PENSAMENTO PLURAL Trump, Bolsonaro e a retórica da liberdade usada contra a democracia, por Palmarí de Lucena

O texto do escritor Palmarí de Lucena analisa como Donald Trump e Jair Bolsonaro utilizam o discurso da liberdade de expressão para justificar ataques às instituições democráticas e evitar responsabilização judicial. “Ambos se apresentam como vítimas políticas, mas suas ações revelam estratégias de desinformação, chantagem e fuga. A verdadeira liberdade exige responsabilidade — algo que seus seguidores preferem ignorar”, pontua. Confira íntegra…

Nos últimos anos, uma narrativa bem ensaiada tem ganhado força nos discursos da nova direita: a de que vivemos uma era de censura judicial, de perseguição a ideias e de asfixia da liberdade de expressão. Os protagonistas dessa história — Donald Trump, nos Estados Unidos, e Jair Bolsonaro, no Brasil — se apresentam como vítimas de um sistema autoritário que não tolera suas opiniões. Mas basta olhar de perto para entender que a realidade é outra.

Trump, mesmo condenado por crimes graves, continua a disseminar mentiras sobre as eleições, atacar a imprensa e sabotar a confiança nas instituições democráticas. E agora, do alto de sua influência, pressiona setores políticos e econômicos dos EUA para interferirem em assuntos internos de outros países. O recente tarifaço sobre produtos brasileiros, como suco de laranja e café, foi defendido por aliados trumpistas como resposta à “perseguição” a Bolsonaro. Uma chantagem econômica disfarçada de doutrina moral.

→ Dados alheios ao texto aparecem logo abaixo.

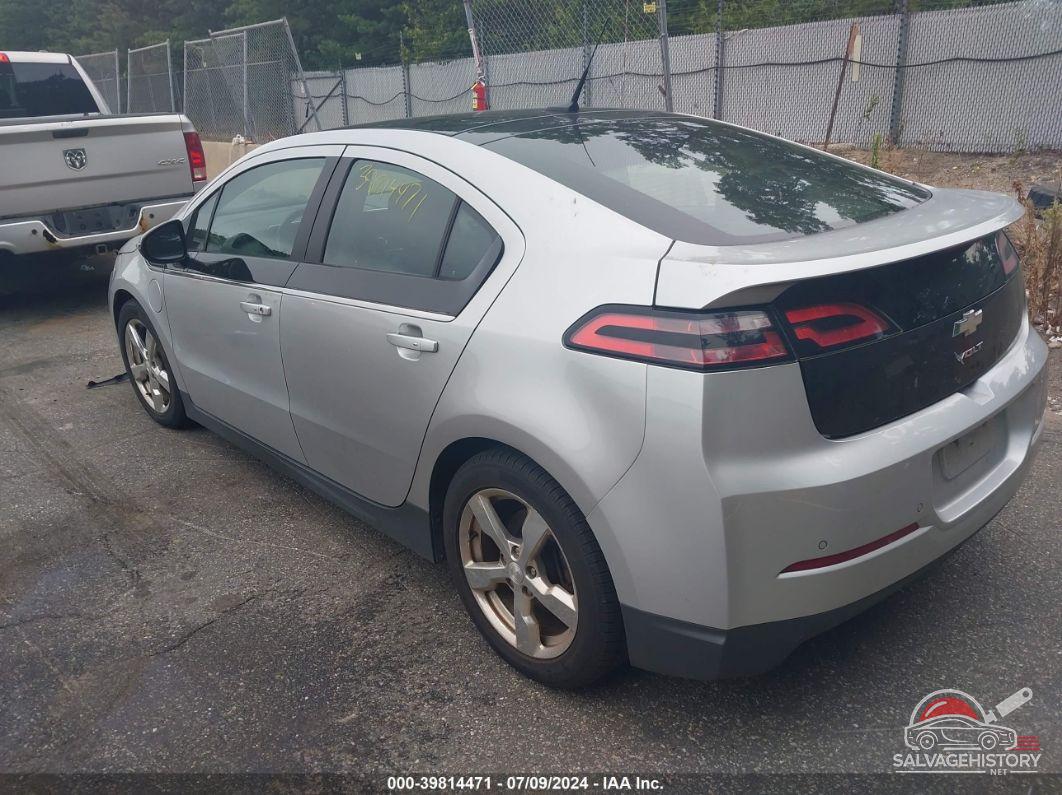 1G1RD6E49CU108004 2012 CHEVROLET VOLT photo no. 3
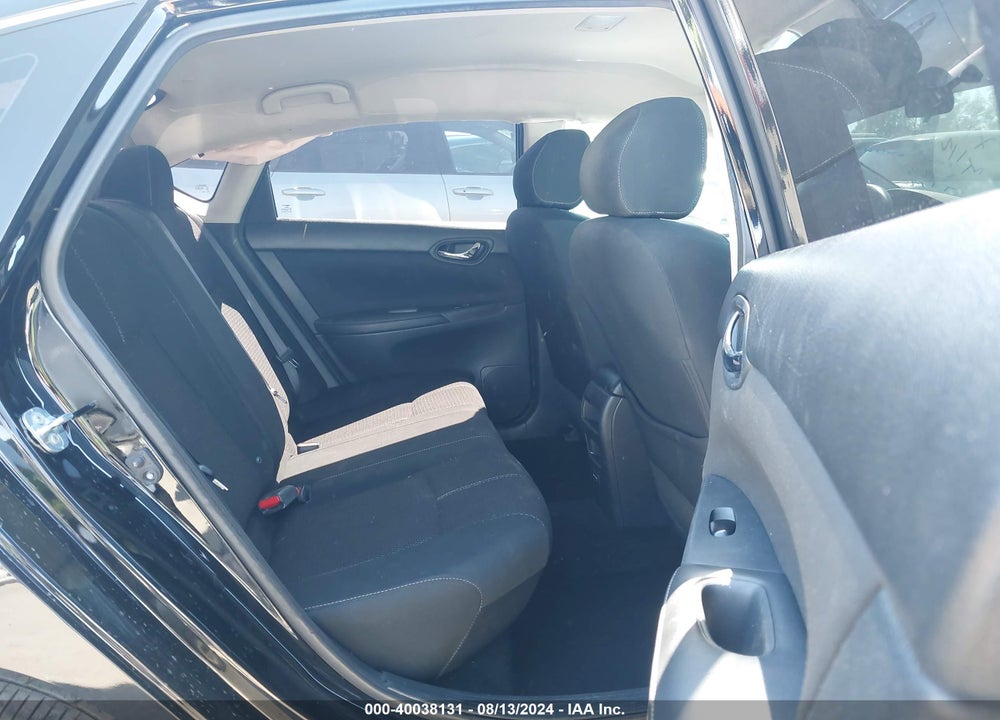 2018 NISSAN SENTRA S VIN: 3N1AB7AP7JY329842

No Brasil, a estratégia é parecida. Bolsonaro e seus aliados seguem mobilizados — mesmo fora do poder — para deslegitimar decisões judiciais, atacar ministros do STF e alimentar a narrativa de que o país vive sob um regime opressor. Ignoram, é claro, os anos em que jornalistas foram agredidos, servidores técnicos demitidos por discordar do governo, e redes de desinformação operaram com apoio de figuras próximas ao Planalto.

O curioso é que aqueles que hoje acusam o Judiciário de censura são os mesmos que, no poder, atacaram a liberdade de imprensa, desqualificaram adversários e fizeram da mentira uma ferramenta de governo.

Trump e Bolsonaro compartilham mais do que estilo: compartilham uma estratégia. Usam a retórica da liberdade para defender a própria impunidade. Transformam o contraditório em inimigo e qualquer tentativa de responsabilização jurídica em “perseguição política”. E, quando confrontados com os limites da lei, fogem.

Trocam o discurso de valentia por vitimismo. Mudam de país, acionam advogados, buscam palco no exterior — e seguem promovendo desinformação à distância, como se fossem exilados políticos. Mas a verdade é mais simples e mais dura: o verdadeiro exílio desses líderes não é geográfico — é moral.

Liberdade de expressão não é licença para sabotar a democracia, nem salvo-conduto para propagar o ódio, a mentira e a desinformação. Quando a Justiça age dentro dos marcos da Constituição, não há censura — há defesa da ordem democrática.

Não se engane: quem foge do país para escapar da Justiça e continua a semear o caos de longe não é mártir — é covarde. E quem impõe sanções econômicas para proteger aliados autoritários não está defendendo a liberdade: está chantageando um país por cumprir sua Constituição.

A democracia exige liberdade, sim. Mas também exige responsabilidade. E é justamente essa parte que os “libertários” autoritários preferem ignorar.